WHAT THIS TASK INVOLVES: Every record that follows is to be copied exactly, with the pictures omitted.

EXCERPTED RECORDS:
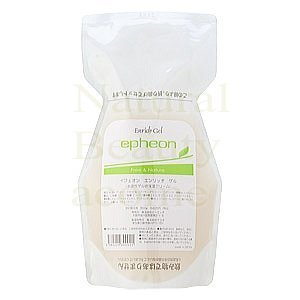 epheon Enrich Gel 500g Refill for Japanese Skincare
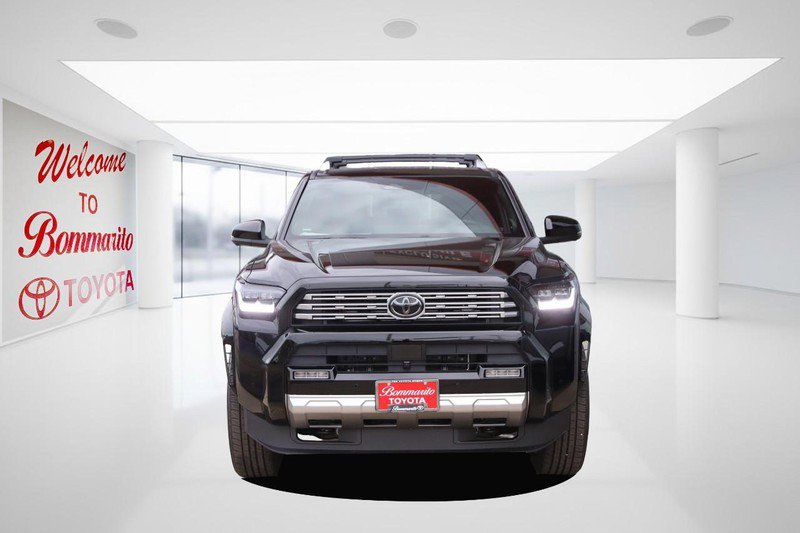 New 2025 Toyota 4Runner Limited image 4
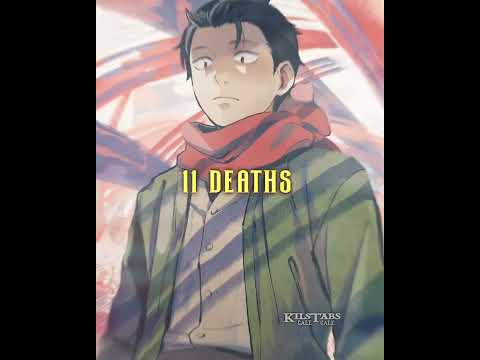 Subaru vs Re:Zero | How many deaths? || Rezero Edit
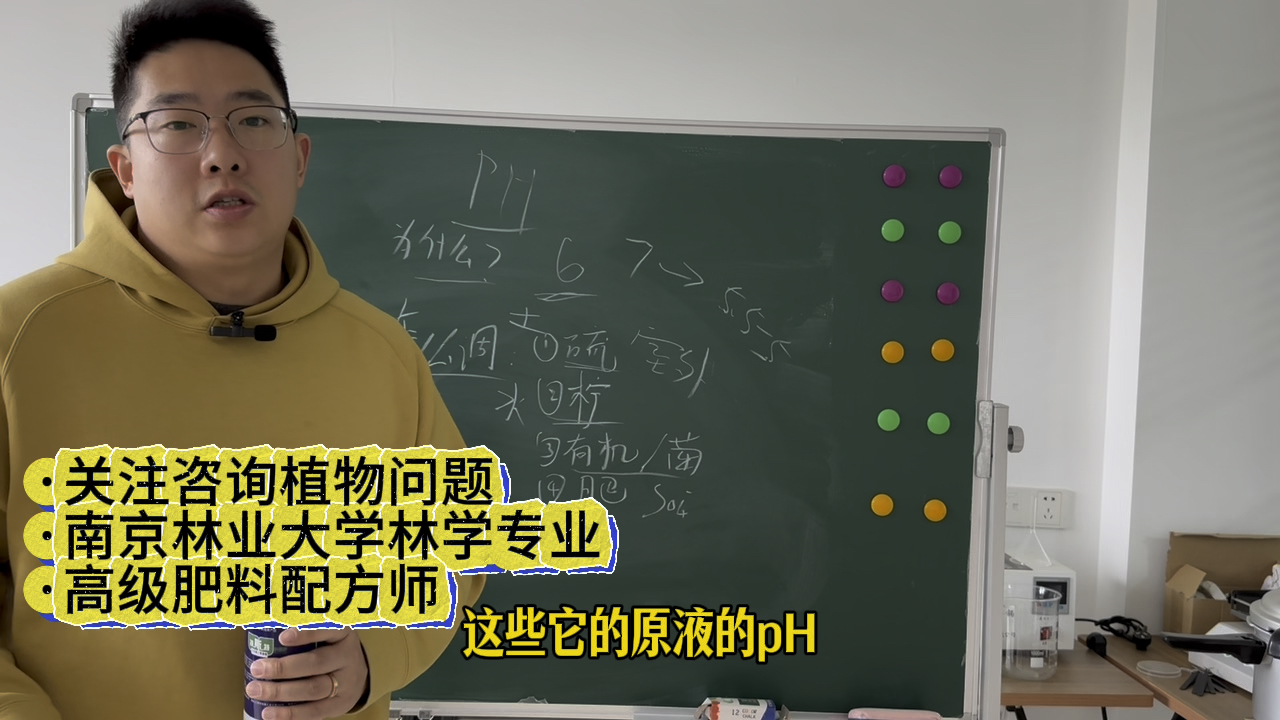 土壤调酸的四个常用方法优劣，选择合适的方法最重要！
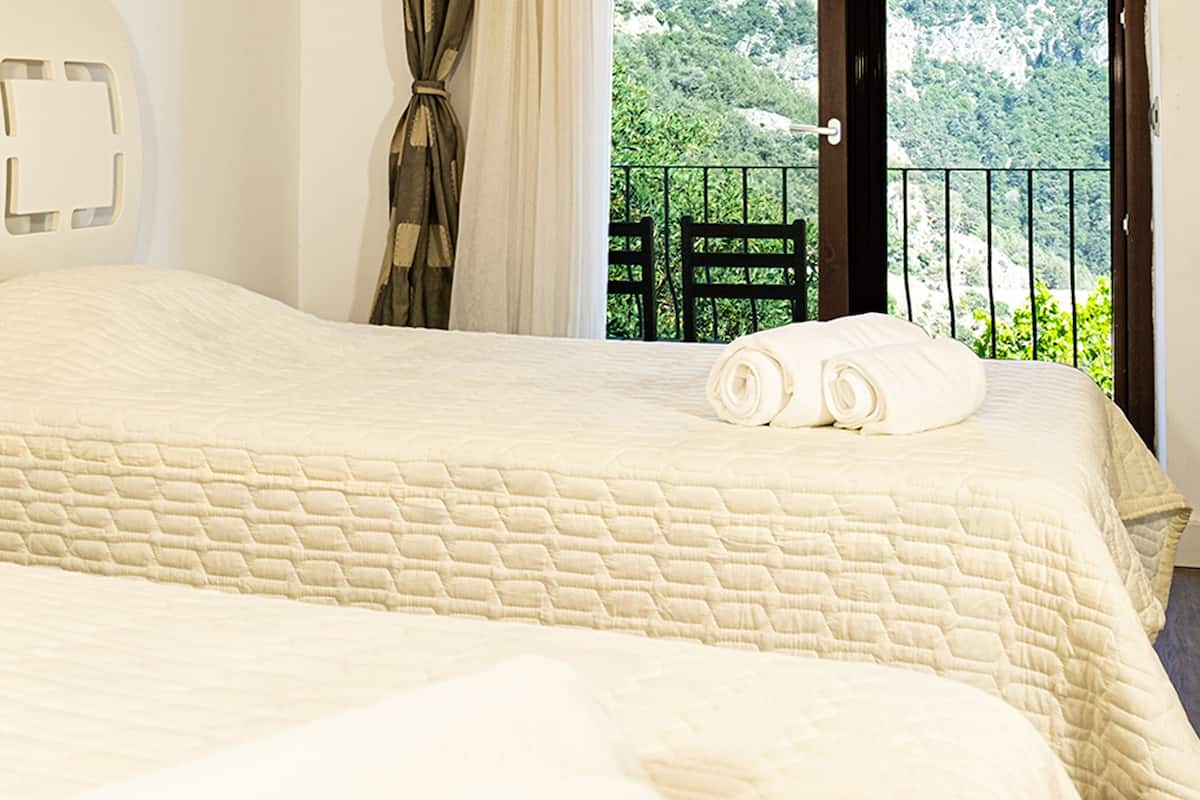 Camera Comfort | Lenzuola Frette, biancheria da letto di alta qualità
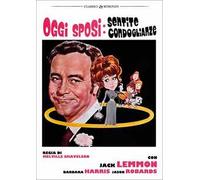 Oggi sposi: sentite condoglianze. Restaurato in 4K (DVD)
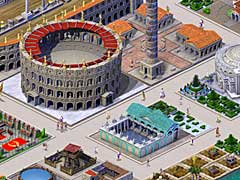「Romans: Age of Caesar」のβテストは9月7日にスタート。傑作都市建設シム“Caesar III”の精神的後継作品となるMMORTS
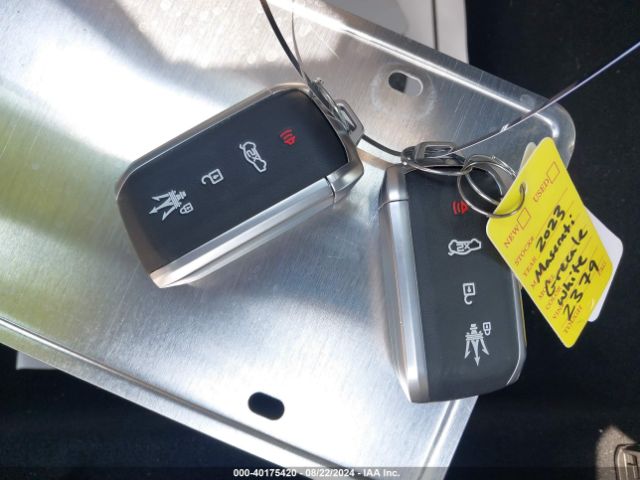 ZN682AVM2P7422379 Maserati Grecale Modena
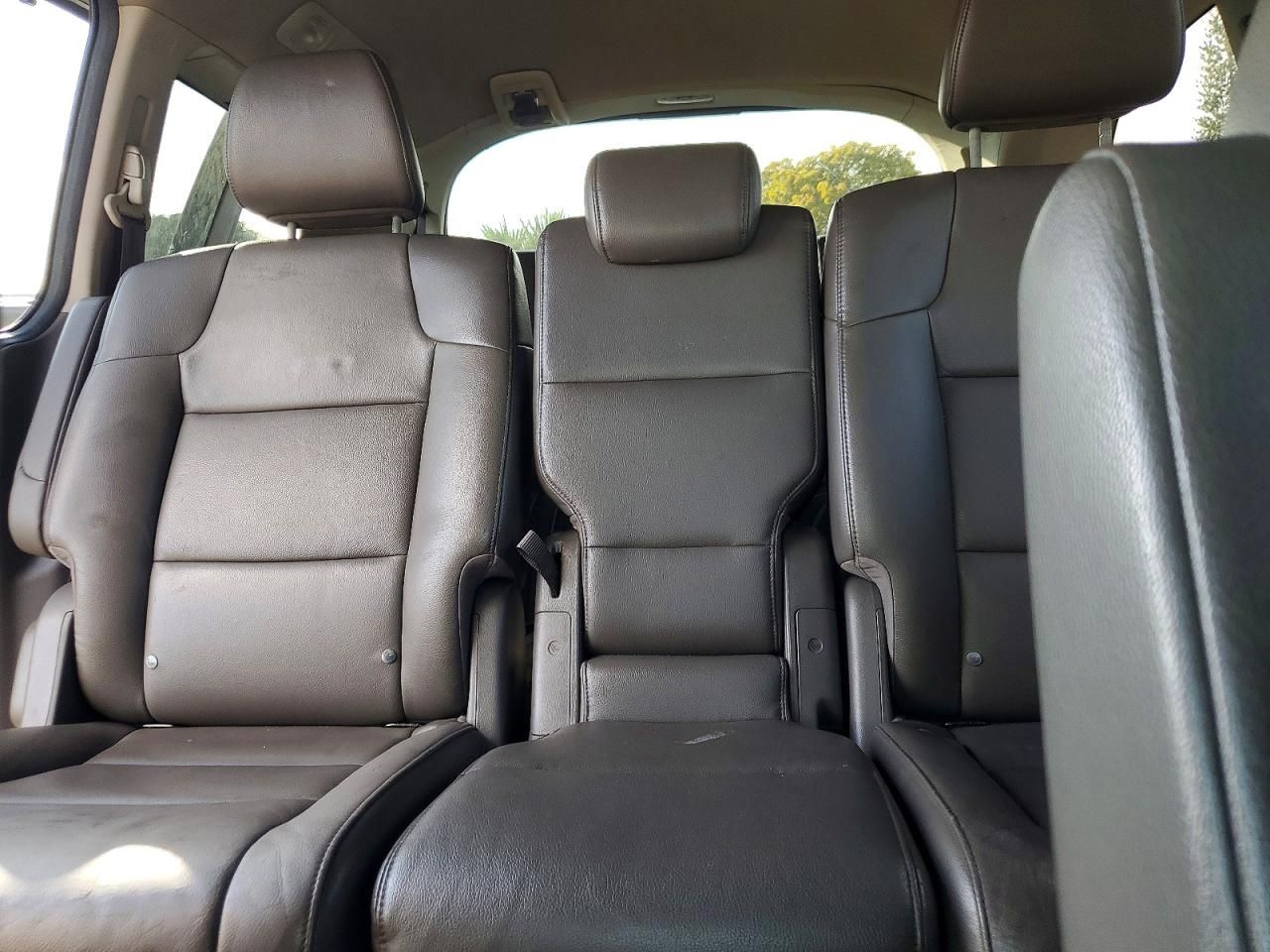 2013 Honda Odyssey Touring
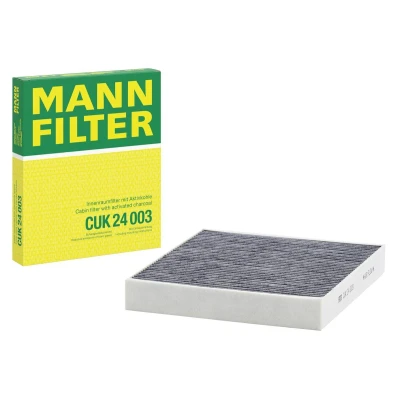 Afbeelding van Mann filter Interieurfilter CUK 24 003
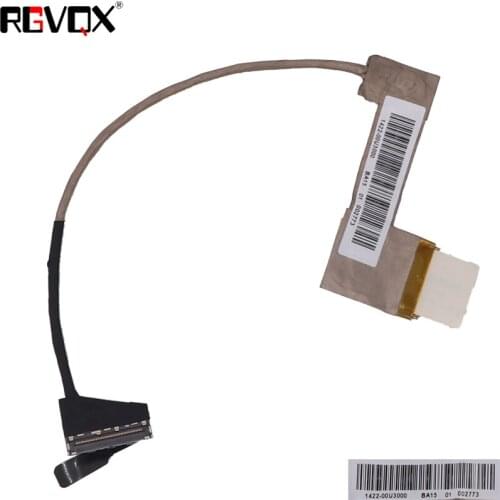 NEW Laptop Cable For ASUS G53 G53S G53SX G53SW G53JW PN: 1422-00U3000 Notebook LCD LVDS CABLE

RESPONSE:
 epheon Enrich Gel 500g Refill for Japanese Skincare
 New 2025 Toyota 4Runner Limited image 4
 Subaru vs Re:Zero | How many deaths? || Rezero Edit
 土壤调酸的四个常用方法优劣，选择合适的方法最重要！
 Camera Comfort | Lenzuola Frette, biancheria da letto di alta qualità
 Oggi sposi: sentite condoglianze. Restaurato in 4K (DVD)
「Romans: Age of Caesar」のβテストは9月7日にスタート。傑作都市建設シム“Caesar III”の精神的後継作品となるMMORTS
 ZN682AVM2P7422379 Maserati Grecale Modena
 2013 Honda Odyssey Touring
 Afbeelding van Mann filter Interieurfilter CUK 24 003
 NEW Laptop Cable For ASUS G53 G53S G53SX G53SW G53JW PN: 1422-00U3000 Notebook LCD LVDS CABLE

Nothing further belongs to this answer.